La Universidad de Chile, que ha jugado un papel tan importante en el desarrollo de toda la vida republicana de este país expone como uno de sus objetivos estratégicos: “Lograr una interacción más efectiva entre el conocimiento y el sistema social, cultural, educacional y productivo”. Esto debe constituir un potente llamado de atención a aquellos estudiantes que pretenden desligarse de un movimiento que dista mucho de ser un mero capricho de un determinado grupo (alguien podría argüir entonces que esto solamente aplicaría a estudiantes de la Universidad de Chile, pero de la misma forma, ¿quién podría negar que este principio humanista debiera aplicar para todo buen ciudadano?). El mensaje a todos los estudiantes universitarios, y más específicamente, a todos aquellos que cursan sus estudios en planteles que pertenecen al CRUCH, es que tienen el DEBER de participar en el debate. Así como nos apuramos en exigir que al pagar nuestro arancel tengamos salas de clases con las últimas tecnologías y académicos con sólida formación profesional, tenemos que entender que ingresar a la universidad nos impone el deber de ser parte de una COMUNIDAD UNIVERSITARIA. Esto también es válido para los ex alumnos de dichas Universidades.

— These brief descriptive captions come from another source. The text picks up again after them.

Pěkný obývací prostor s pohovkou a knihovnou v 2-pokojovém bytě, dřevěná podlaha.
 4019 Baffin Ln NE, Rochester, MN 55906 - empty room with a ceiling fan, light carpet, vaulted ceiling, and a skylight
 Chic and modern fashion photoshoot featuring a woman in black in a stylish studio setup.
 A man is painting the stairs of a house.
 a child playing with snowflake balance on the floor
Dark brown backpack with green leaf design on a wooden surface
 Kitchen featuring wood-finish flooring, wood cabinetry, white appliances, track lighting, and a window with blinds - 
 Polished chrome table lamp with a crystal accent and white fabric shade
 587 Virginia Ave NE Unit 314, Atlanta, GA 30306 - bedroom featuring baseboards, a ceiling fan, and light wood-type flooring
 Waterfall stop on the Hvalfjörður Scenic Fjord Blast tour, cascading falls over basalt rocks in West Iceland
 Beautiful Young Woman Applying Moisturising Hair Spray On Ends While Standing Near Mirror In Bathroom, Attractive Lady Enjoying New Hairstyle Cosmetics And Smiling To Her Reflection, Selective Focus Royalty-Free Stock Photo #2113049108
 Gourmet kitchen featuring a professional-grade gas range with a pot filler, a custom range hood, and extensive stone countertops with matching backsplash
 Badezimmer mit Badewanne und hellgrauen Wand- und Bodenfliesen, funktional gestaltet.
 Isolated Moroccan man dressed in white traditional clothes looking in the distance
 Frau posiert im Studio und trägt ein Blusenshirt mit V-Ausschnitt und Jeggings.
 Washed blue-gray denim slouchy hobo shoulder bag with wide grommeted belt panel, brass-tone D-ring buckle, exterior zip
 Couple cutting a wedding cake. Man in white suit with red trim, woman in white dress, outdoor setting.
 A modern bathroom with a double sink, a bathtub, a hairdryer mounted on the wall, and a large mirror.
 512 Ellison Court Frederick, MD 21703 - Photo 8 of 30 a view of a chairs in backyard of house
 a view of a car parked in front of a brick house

No podemos pretender que nuestro paso por la Universidad sea meramente un contrato a cinco años plazo que una vez recibido el diploma se rompe para siempre. Somos nosotros los llamados a defender para las generaciones venideras aquello que a nosotros nos ha otorgado la libertad de decidir nuestro futuro profesional con infinitas posibilidades. Somos alumnos y ex alumnos los que debemos presionar a la clase dirigente para que entiendan que la Universidad, el sistema universitario en general, debe ser el lugar donde se generen ideas, se discutan conceptos y nazcan nuevas ideologías. Es el lugar óptimo para que nos formemos como ciudadanos completos, conscientes de la importancia de nuestro papel en la sociedad. Hoy más que nunca es obligatorio que aceptemos nuestro DEBER ineludible como estudiantes y ex alumnos de defender aquello que algunos se empeñan en terminar de destruir: Las Universidades públicas como cuna inigualable de la diversidad y el pluralismo tan necesarios en una sociedad que tiene que terminar de reconstruir una democracia que sea lo suficientemente sólida e inclusiva como para que nos otorgue otros doscientos largos años de vida republicana.